Work order: Of all the lines below, return only those starting with the line holding "3,7 V 1000mAh" and going on through the line holding "6 Vintage Clear", exactly as written.

Records for this task:
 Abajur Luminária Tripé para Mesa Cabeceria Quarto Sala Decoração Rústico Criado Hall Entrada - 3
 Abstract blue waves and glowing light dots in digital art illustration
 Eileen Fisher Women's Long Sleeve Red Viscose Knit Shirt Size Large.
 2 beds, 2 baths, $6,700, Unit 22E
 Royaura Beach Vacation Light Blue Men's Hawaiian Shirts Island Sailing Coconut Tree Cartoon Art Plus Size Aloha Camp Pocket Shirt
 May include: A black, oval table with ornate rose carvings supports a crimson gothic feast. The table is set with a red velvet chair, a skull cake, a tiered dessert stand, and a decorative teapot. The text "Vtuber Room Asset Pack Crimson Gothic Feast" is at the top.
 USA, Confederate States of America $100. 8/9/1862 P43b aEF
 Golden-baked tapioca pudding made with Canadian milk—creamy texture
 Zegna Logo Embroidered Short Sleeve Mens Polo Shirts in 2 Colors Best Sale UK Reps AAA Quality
* * *
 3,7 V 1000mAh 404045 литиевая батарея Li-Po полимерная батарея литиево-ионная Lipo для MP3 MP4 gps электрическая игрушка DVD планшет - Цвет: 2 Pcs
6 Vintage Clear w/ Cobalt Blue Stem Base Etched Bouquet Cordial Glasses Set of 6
---
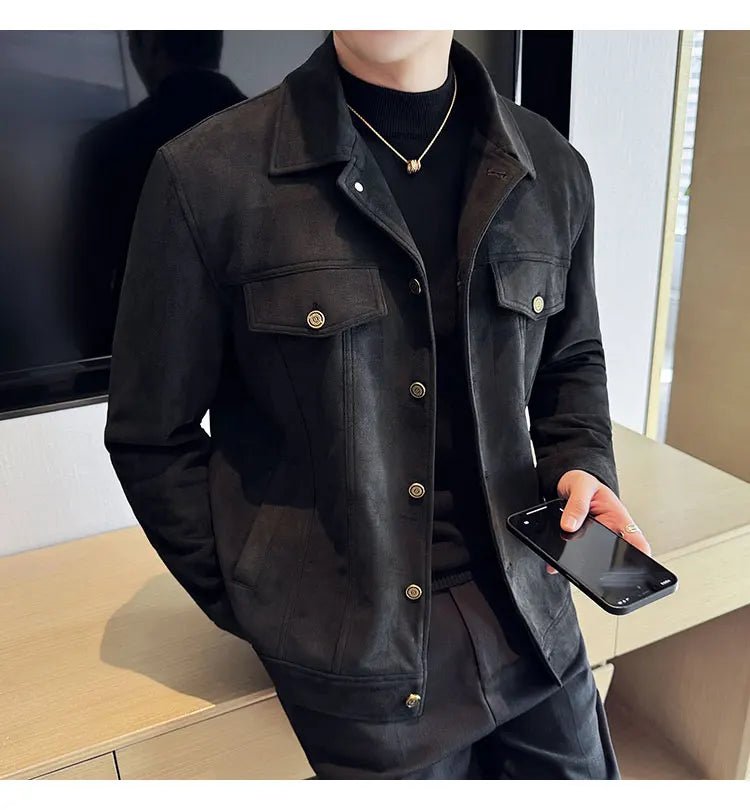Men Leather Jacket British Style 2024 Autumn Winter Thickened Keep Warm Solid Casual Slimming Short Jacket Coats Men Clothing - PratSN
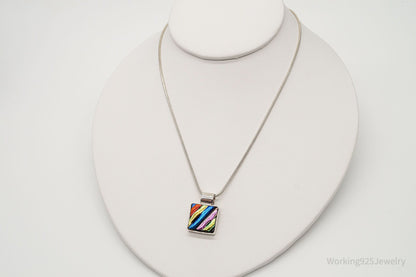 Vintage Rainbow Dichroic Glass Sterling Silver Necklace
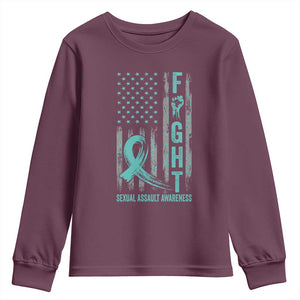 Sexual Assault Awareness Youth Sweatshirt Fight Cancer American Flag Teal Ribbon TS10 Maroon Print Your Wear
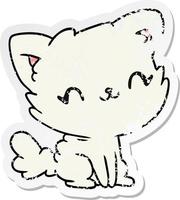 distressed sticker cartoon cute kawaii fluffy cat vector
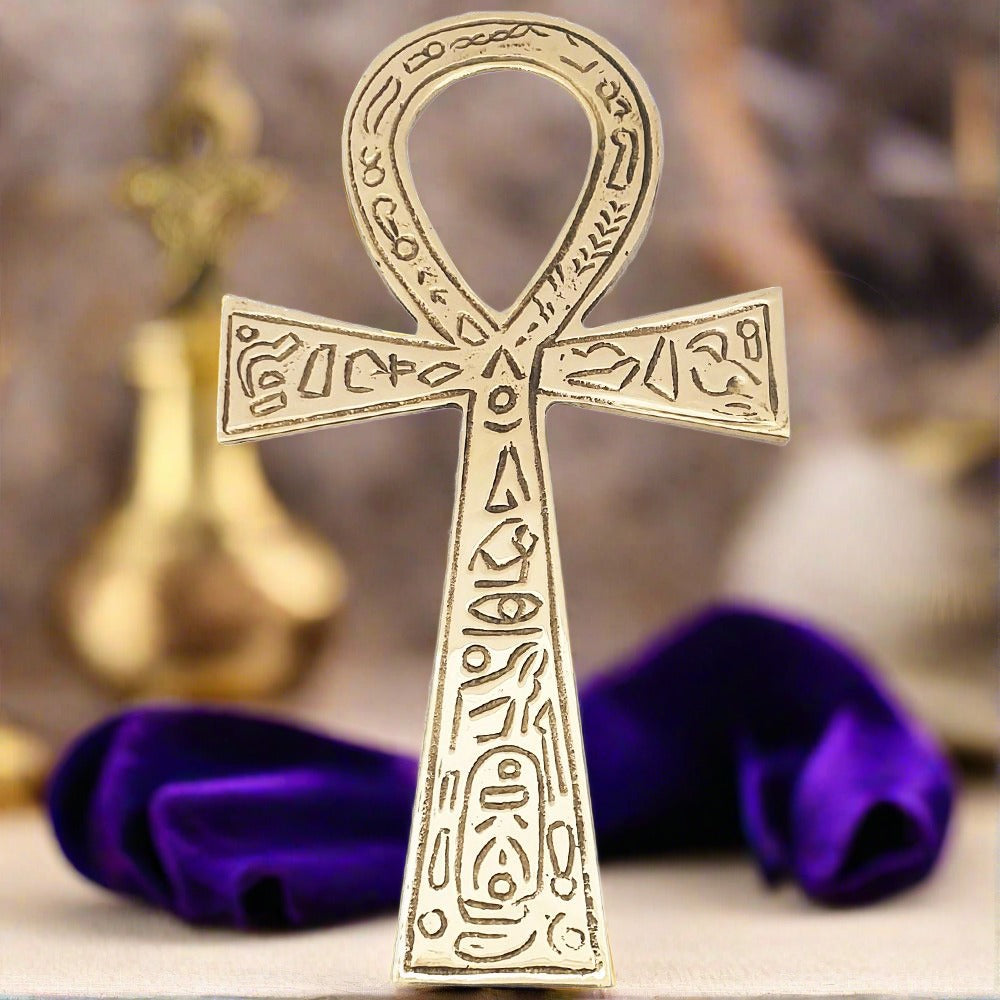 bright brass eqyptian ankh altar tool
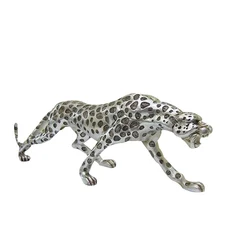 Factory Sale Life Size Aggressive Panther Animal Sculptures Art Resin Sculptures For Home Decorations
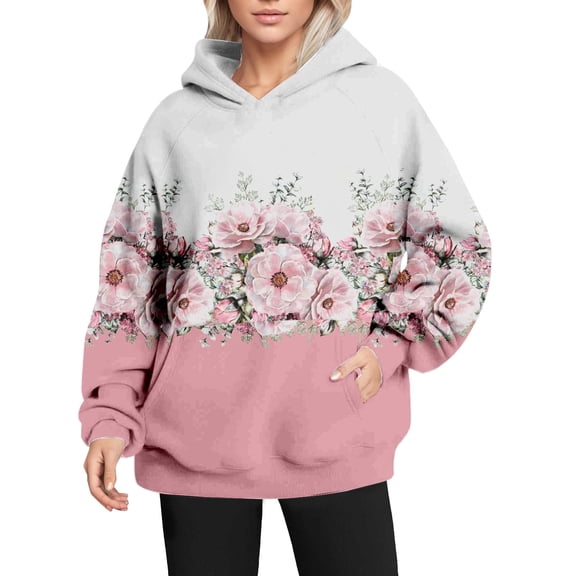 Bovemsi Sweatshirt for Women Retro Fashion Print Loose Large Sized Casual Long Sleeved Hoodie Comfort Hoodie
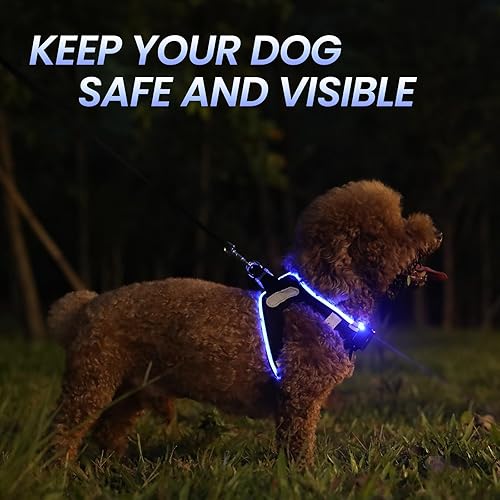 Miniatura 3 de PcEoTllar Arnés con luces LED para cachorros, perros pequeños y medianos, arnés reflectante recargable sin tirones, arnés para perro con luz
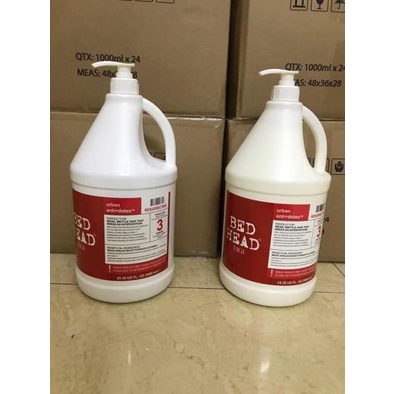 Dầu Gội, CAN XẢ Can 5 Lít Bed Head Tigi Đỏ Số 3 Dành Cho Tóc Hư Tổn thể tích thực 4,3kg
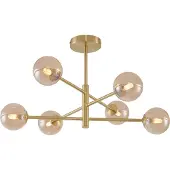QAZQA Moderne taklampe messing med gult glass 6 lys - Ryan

Answer to this problem:
 3,7 V 1000mAh 404045 литиевая батарея Li-Po полимерная батарея литиево-ионная Lipo для MP3 MP4 gps электрическая игрушка DVD планшет - Цвет: 2 Pcs
6 Vintage Clear w/ Cobalt Blue Stem Base Etched Bouquet Cordial Glasses Set of 6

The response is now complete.